2022年3月5日

新装版「巴里に死す」 芹沢光治良 (勉誠出版 2019年6月)

 ほぼ50年ぶりの再読である。高校時代にこの人の作品をむさぼり読んだ。「人間の運命」全三部14巻(文庫本では全7巻で出ている)。さらにその続刊と位置付けられる「われに背くとも」「遠ざかった明日」。そして関連作品と言われる「愛と知と悲しみと」。

 文章そのものはきわめて平易で、小学生でもすらすらと読めるほどだ。行間にあふれる崇高なまでの知性と品格。こういう高潔な人格に憧れた。かなう夢ではなかったけれど。

 

 芹澤(*1)光治良はノーベル賞文学賞候補として評判が高かったが(*2)、1965年日本ペンクラブ会長に就任(1974年まで)、1969年にはノーベル賞推薦委員を委嘱されたとあっては、自らを推薦するわけにもいかなかったのだろう。受賞が実現しなかったのはまことに残念なことである。フランス留学中に肺結核に罹患、スイスで療養生活を送ったことが文学に生きるきっかけとなった。肺結核の既往症により兵役を免れ、結果として97歳近くまで天寿を全うし、しかも死の直前まで原稿執筆の生活を送っていた。
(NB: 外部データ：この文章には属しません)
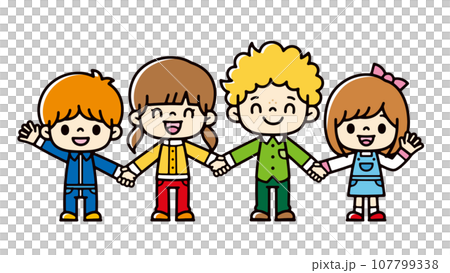 smiling children holding hands smiling children holding hands 107799338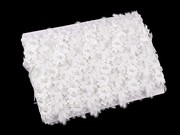 Vzdušná krajka 3D květ s perlou šíře 42 mm 1 m Off White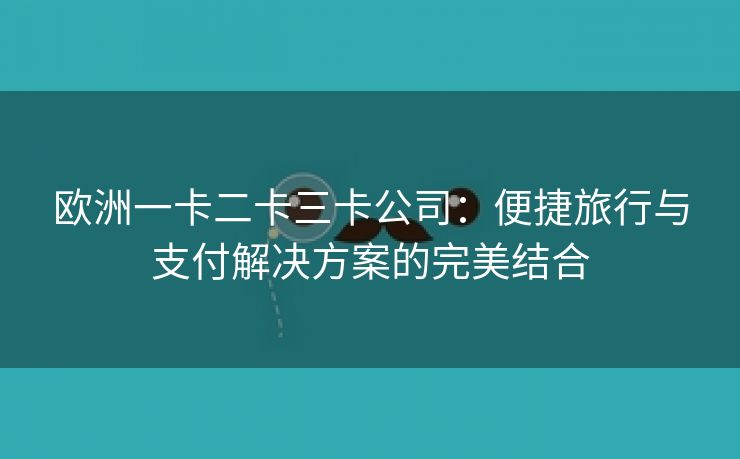 欧洲一卡二卡三卡公司：便捷旅行与支付解决方案的完美结合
 幼少時に天理教に帰依した両親が全財産を教団に寄付し、恵まれた生活から一転して貧窮の境遇に陥ったが、神童と称されるほどの抜群の秀才ぶりを発揮し、篤志家の援助を受けて一高、東大を卒業、当時の高等文官試験に合格し農商務省に任官した。東京帝国大学時代は幼少期に養子縁組の話もあった石丸助三郎の邸宅(現在のガーデンテラス広尾)の離れに寄宿した由。農商務省任官後は、その石丸の友人であった愛知電気鉄道(現在の名古屋鉄道)の社長の二女と結婚、そのすぐ後に官職を辞しフランスへ留学する。7年間の留学の間、結核の病を得るも、スイスでの療養を経て帰国した後、改造社募集の懸賞創作に「ブルジョア」が一等入選し、以後作家の道を歩む。
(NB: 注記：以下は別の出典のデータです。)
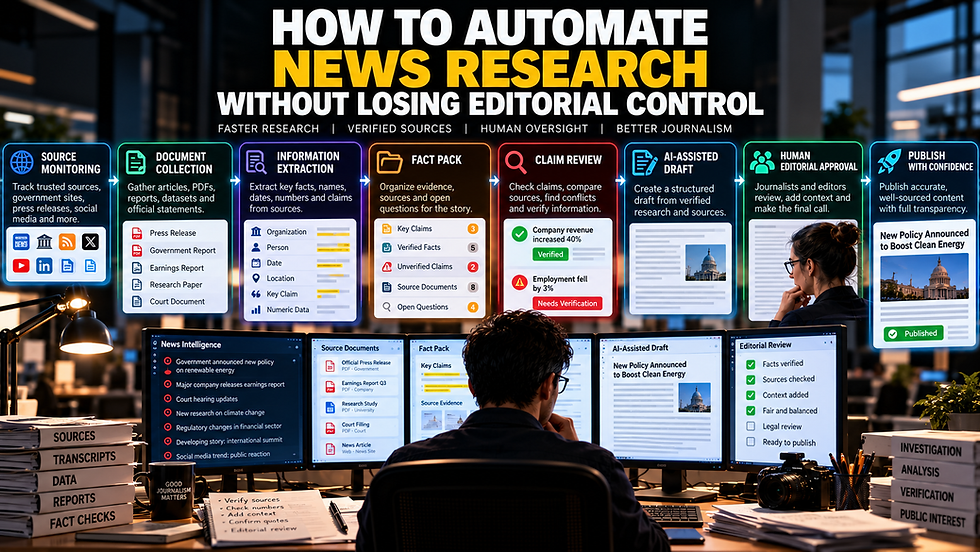 How To Automate News Research Without Losing Editorial Control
 実弟の小山武夫は、中日新聞の論説委員を経て常務取締役、そして中日ドラゴンズの球団社長、オーナー。えっ、小山オーナーってよく覚えてるよ、芹澤光治良の弟さんだったのか、初めて知った。星野仙一入団のときの球団社長・オーナーじゃないか。

1983年 星野仙一 現役引退

1993年 芹澤光治良 死去(享年98)

2003年 小山武夫 死去(享年95) 同年、星野監督の阪神タイガース リーグ優勝

2013年 星野監督率いる東北楽天ゴールデンイーグルズ 球団初のリーグ優勝、日本シリーズ制覇

 10年毎にイベントがある、のは単なる偶然ですよ。

 ちなみに1943年は、ここで採り上げた「巴里に死す」が日本で刊行(中央公論社)された年で、1953年はパリで仏訳 ”J'irai mourir à Paris”『私はパリに行って死にましょう』(ロベール・ラフォン社 森有正訳、アルマン・ピエラール監修)が刊行された。

 

*1)ほとんどの資料の表記は「芹沢」であるが、沼津市に昭和38年(1963年)に建立された「風になる碑(いしぶみ)」の碑文は「幼かりし日 われ 父母にわかれ 貧しく この浜辺に立ちて 海の音 風の声をききて はるかなる とつくにを想えり 一九六三年 芹澤光治良」であり、本人は「芹澤」と書いていたのではないかと思い、あえて芹澤の表記で通しました。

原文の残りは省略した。